Quoting Dave Chinner (2013-05-04 21:45:40)
> On Sat, May 04, 2013 at 07:20:05AM -0400, Chris Mason wrote:
> > Quoting Dave Chinner (2013-05-03 21:15:47)
> > > Hi folks,
> > >
> > > It's that time again - I ran fsmark on btrfs and found performance
> > > was awful.
> > >
> > > tl;dr: memory pressure causes random writeback of metadata ("bad"),
> > > fragmenting the underlying sparse storage. This causes a downward
> > > spiral as btrfs cycles through "good" IO patterns that get
> > > fragmented at the device level due to the "bad" IO patterns
> > > fragmenting the underlying sparse device.
> > >
> >
> > Really interesting Dave, thanks for all this analysis.
> >
> > We're going to have hard time matching xfs fragmentation just because
> > the files are zero size and we don't have the inode tables. But, I'll
> > take a look at the metadata memory pressure based writeback, sounds like
> > we need to push a bigger burst.
>
> Yeah, I wouldn't expect it to behave like XFS does given all the
> metadata writeback ordering optimisation XFS has, but the level of
> fragmentation was a surprise. Fragmentation by itself isn't so much
> of a problem - ext4 is just as bad as btrfs in terms of the amount of
> image fragmentation, but it doesn't have the 100:1 IOPS explosion in
> the backing device.
The frustrating part of fsmark is watching all those inodes and dentries
suck down our ram, while the FS gets slammed doing writes on pages
that we actually want to keep around.
>
> Run the test and have a look at the iowatcher movies - they
> are quite instructive as they show the two separate phases
> that write alternately over the same sections of the disk. A
> picture^Wmovie is worth a thousand words ;)
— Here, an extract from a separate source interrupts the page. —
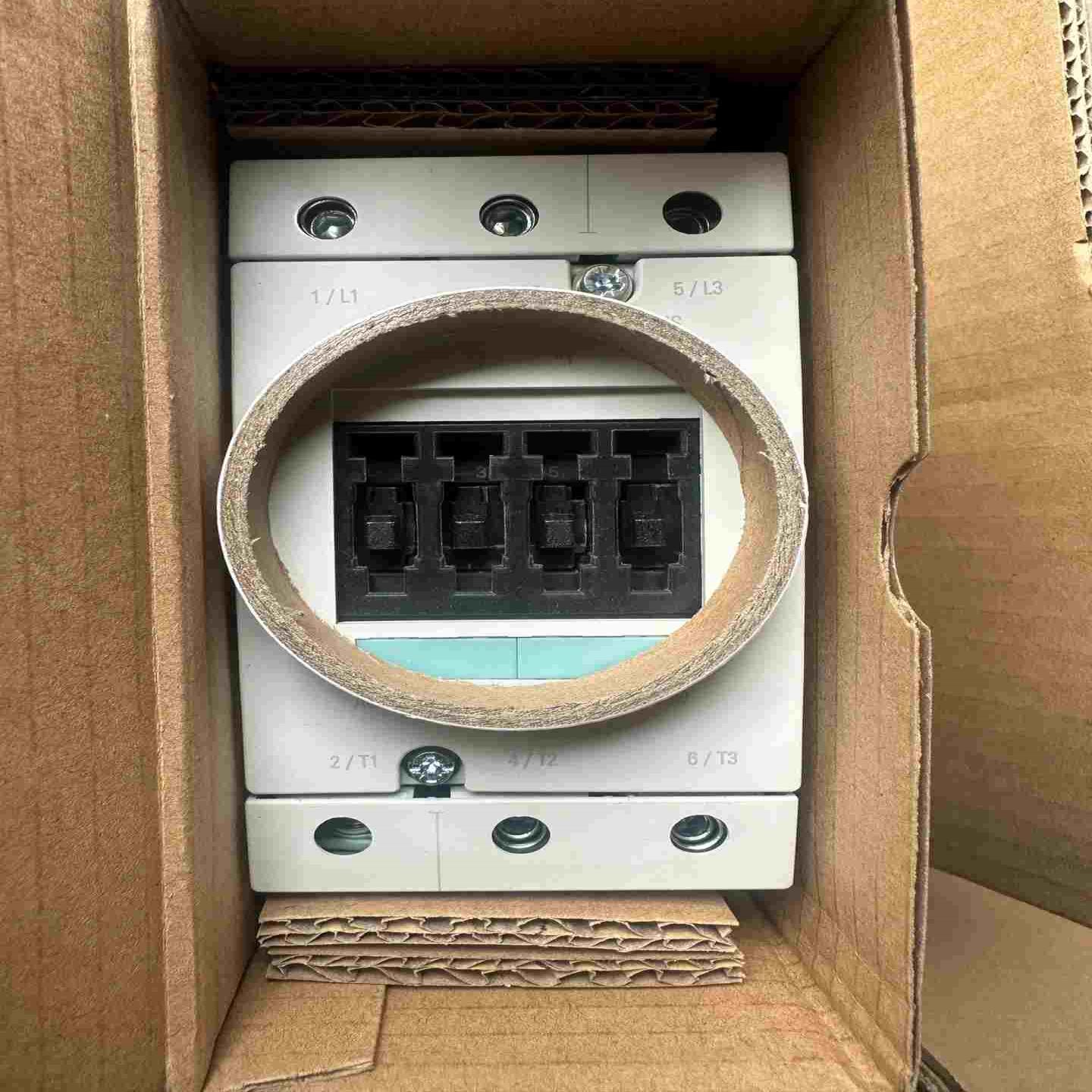 3RT5045-1AR60接触器询价
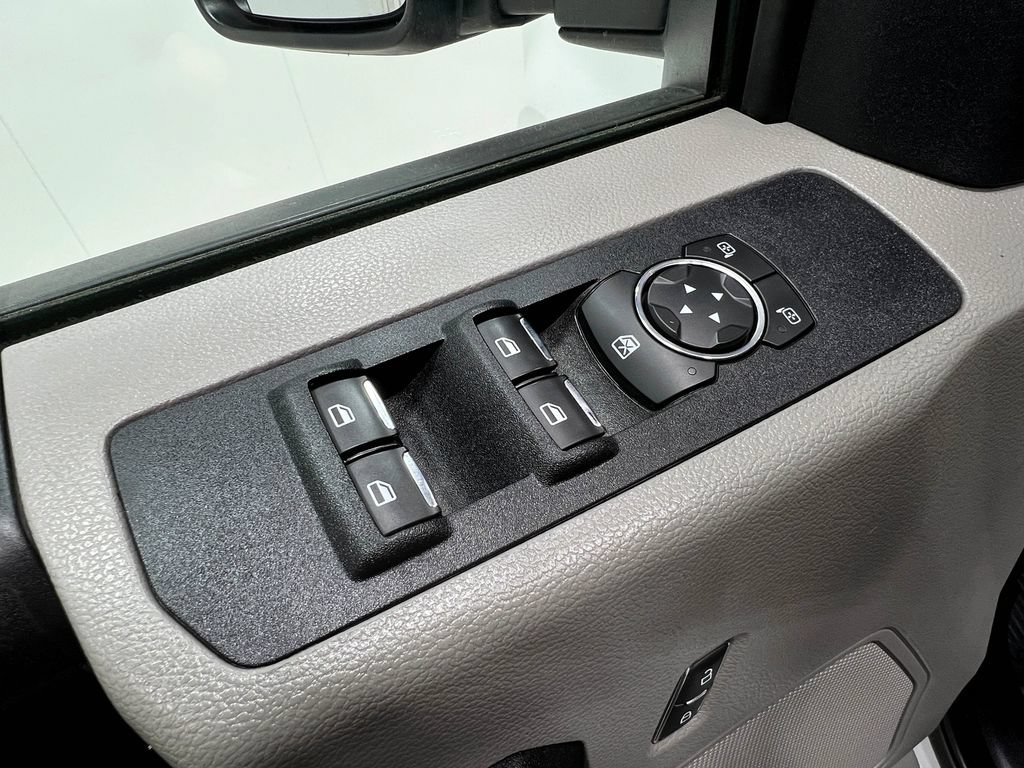 Used 2019 Ford F250 XL w/ Power Equipment Group AWD/4WD image 34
;) Will do. We already have a few checks to skip btree writeback if
there isn't much actually dirty. But that's a tricky knob to turn
because balance_dirty_pages gets angry when you ignore it.
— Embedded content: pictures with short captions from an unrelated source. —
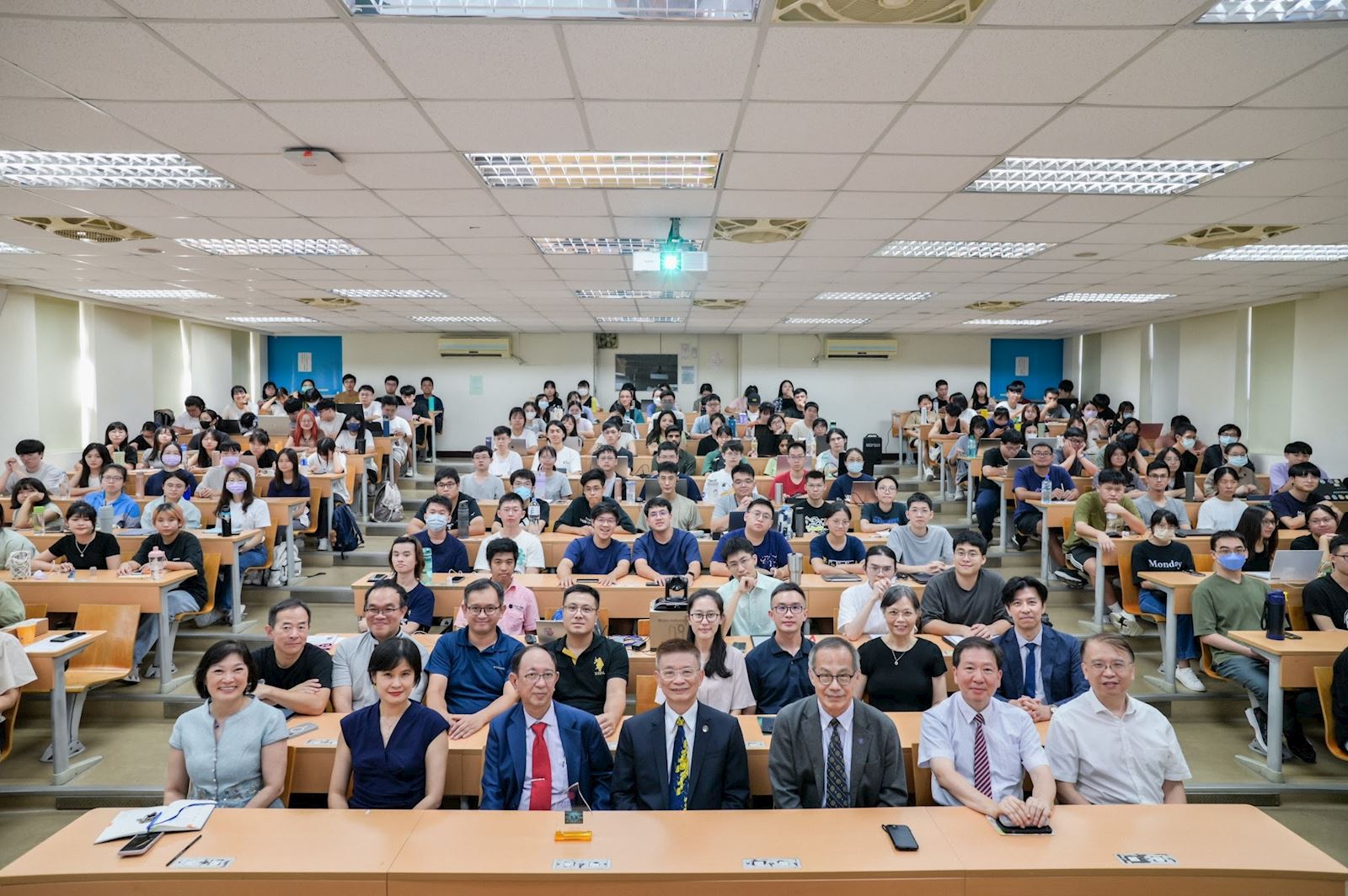 9月9日陳仲軒院士應邀至臺師大，進行「創新質譜儀的研發與應用」專題演講。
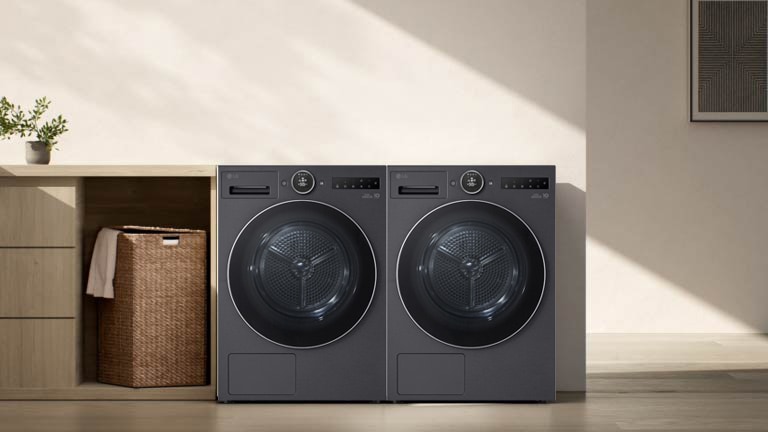 视频显示把烘干机设为自动启用一个优化的烘干程序，接收来自联网洗衣机的信息。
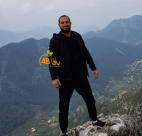 يافا: الشاب مصطفى كريم يُتم حفظ القرآن الكريم كاملاً 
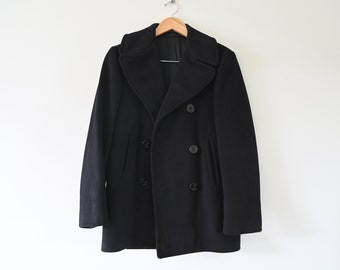 1967 US Navy Pea Coat Jacket Wool Kersey Size 34 | 8 Buttons, Corduroy Hand Warmer Pockets, Double Line of Stitching on Sleeve Cuffs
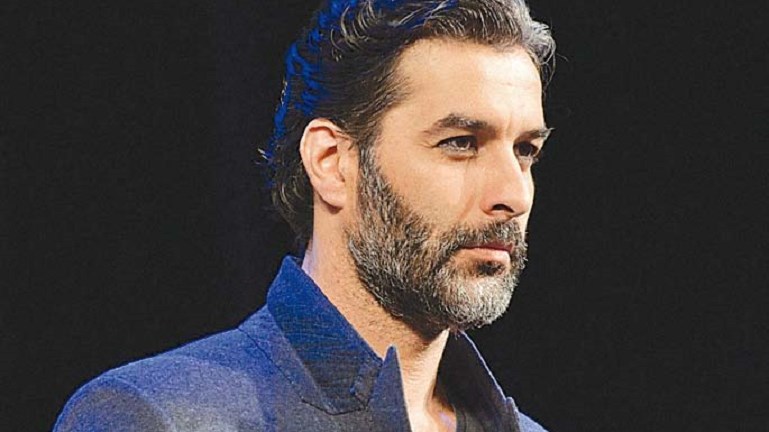 Ο Μπισμπίκης ανεβάζει το «Άνθρωποι και ποντίκια» στο «Cartel» του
This is one of those tests where keeping the metadata out of the page
cache should make life easier.
>
> FWIW, the main reason I thought it is important enough to report
> because if the filesystem is being unfriendly to sparse files, then
> it is almost certainly being unfriendly to the internal mapping
> tables in modern SSDs....
Definitely. The other side of it is that memory pressure based
writeback means writing before we needed to, which means COWs that we
didn't need to do, which means more work for the allocator, which also
means more COWs that we didn't need to do. So, even without the sparse
backing store, we'll go faster if we tune this well.